Évangile de Jésus-Christ selon saint Matthieu 13,44-52 - Homélie du Père Dieudonné
Évangile de Jésus-Christ selon saint Matthieu 13,44-52
Matthieu 13, 4413, 52
« Le Royaume des Cieux est semblable à un trésor qui était caché dans un champ et qu'un homme vient à trouver: il le recache, s'en va ravi de joie vendre tout ce qu'il possède, et achète ce champ.
« Le Royaume des Cieux est encore semblable à un négociant en quête de perles fines:
en ayant trouvé une de grand prix, il s'en est allé vendre tout ce qu'il possédait et il l'a achetée.
« Le Royaume des Cieux est encore semblable à un filet qu'on jette en mer et qui ramène toutes sortes de choses.
Quand il est plein, les pêcheurs le tirent sur le rivage, puis ils s'asseyent, recueillent dans des paniers ce qu'il y a de bon, et rejettent ce qui ne vaut rien.
Ainsi en sera-t-il à la fin du monde: les anges se présenteront et sépareront les méchants d'entre les justes
pour les jeter dans la fournaise ardente: là seront les pleurs et les grincements de dents.
« Avez-vous compris tout cela » - « Oui », lui disent-ils.

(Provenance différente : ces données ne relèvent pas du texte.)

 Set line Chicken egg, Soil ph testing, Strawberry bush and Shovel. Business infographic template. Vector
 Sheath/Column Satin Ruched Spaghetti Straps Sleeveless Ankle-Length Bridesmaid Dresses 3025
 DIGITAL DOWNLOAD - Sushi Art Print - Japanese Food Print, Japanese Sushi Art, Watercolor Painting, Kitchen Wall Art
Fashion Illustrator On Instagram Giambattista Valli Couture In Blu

Et il leur dit: « Ainsi donc tout scribe devenu disciple du Royaume des Cieux est semblable à un propriétaire qui tire de son trésor du neuf et du vieux. »
Homélie du Père Dieudonné Badiate
Dimanche 24 Juillet 2011
Au cours des dimanches précédents, nous avons entendu les paraboles que Jésus nous dit pour nous faire connaître son Royaume. Après nous avoir persuadé de l'importance de l'événement en cours de réalisation, après nous avoir avertis de la discrétion apparente de cet événement et nous avoir aidés à en tirer les conséquences inévitables, il nous invite aujourd'hui à chercher et à accueillir le Royaume. Jusqu'à présent, l'adhésion à cet enseignement pouvait nous paraître assez facultative tout en étant préférable; aujourd'hui, nous retirons de ces trois récits la conviction du caractère
irremplaçable du Royaume. Chacune de ces paraboles apporte sa note particulière et nécessaire.

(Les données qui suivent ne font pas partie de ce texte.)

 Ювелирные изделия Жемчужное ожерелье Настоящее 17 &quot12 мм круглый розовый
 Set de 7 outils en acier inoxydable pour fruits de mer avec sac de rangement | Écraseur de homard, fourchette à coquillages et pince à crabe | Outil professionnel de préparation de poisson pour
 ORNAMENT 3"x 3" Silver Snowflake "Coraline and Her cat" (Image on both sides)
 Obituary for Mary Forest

« Le Royaume des cieux est comparable à un trésor caché dans un champ ; l'homme qui l'a découvert le cache de nouveau. Dans sa joie, il va vendre tout ce qu'il possède et il achète ce champ ».
L'être humain ne peut s'enfermer dans une existence superficielle (métro, boulot, dodo), il est conduit à réfléchir au sens de sa vie, à approfondir la signification de ses actes, de ses engagements. En « labourant » le champ de ses responsabilités, ou en rencontrant des personnes animées par certaines valeurs, ou en étant bouleversé par des œuvres d'art, l'homme peut tout à coup ou insensiblement découvrir que LE ROYAUME DE DIEU EXISTE, hic et nunc, bien réel, incarné par des personnes. Pendant longtemps il n'avait pas soupçonné sa présence, il s'était moqué de ceux qui en parlaient. Et voilà la surprise ! Quelle merveille !

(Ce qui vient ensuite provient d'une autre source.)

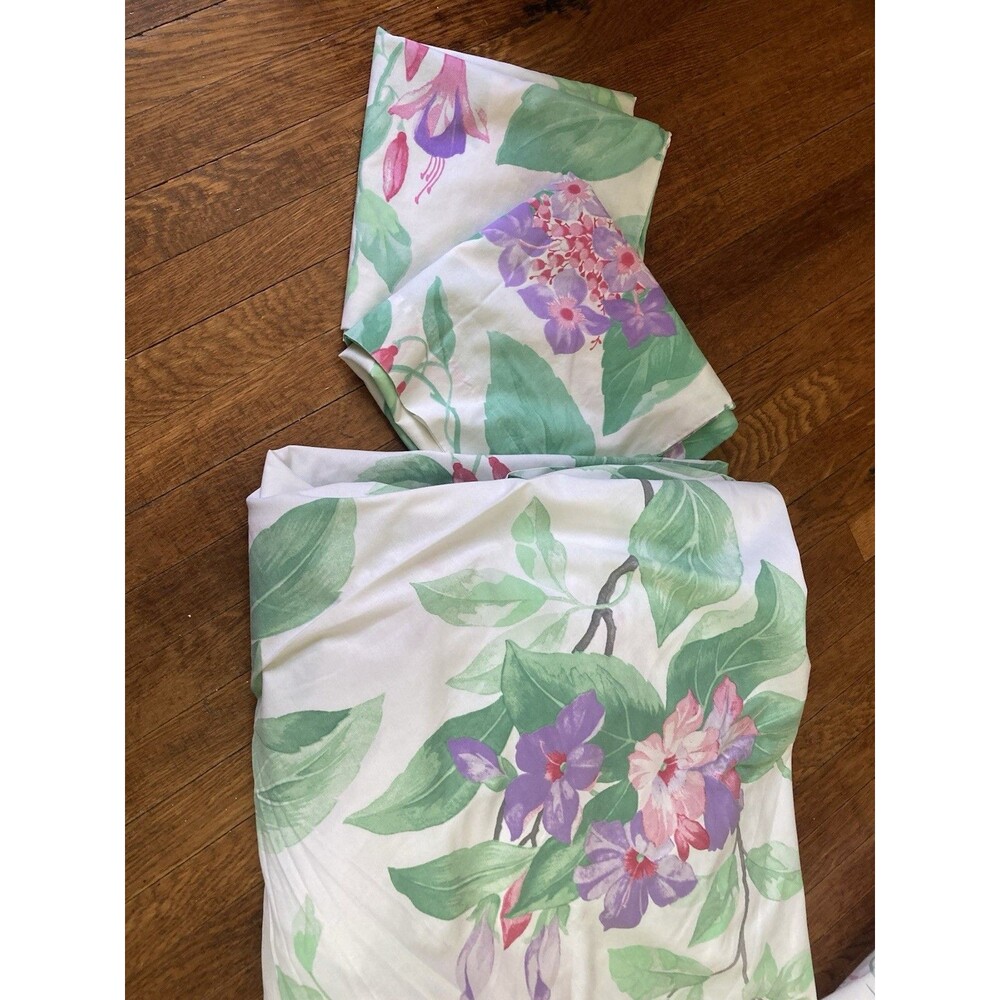 Vintage Springmaid KING Sheet Set Pastel Floral Tropical  USA Pillowcase Top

Mais il ne s'agit pas seulement de se mettre à pratiquer certaines cérémonies, ni de placer la valeur de ce Royaume à côté de celles que l'on avait déjà. On ne met pas Dieu à côté du reste
. La découverte du Royaume appelle un engagement total, exige des ruptures, provoque des détachements.
Secoués par cet événement, certains en ont conclu qu'il leur fallait sortir du monde, s'enfoncer dans ]a solitude pour y mener une vie ascétique.- D'autres ont opté pour la vie cléricale dans le célibat. Il reste que la majorité des disciples a toujours compris que la « vie selon le Royaume » pouvait et devait se mener dans les conditions ordinaires de mariage et d'engagement professionnel au cceur de la société. On ne peut « tout vendre »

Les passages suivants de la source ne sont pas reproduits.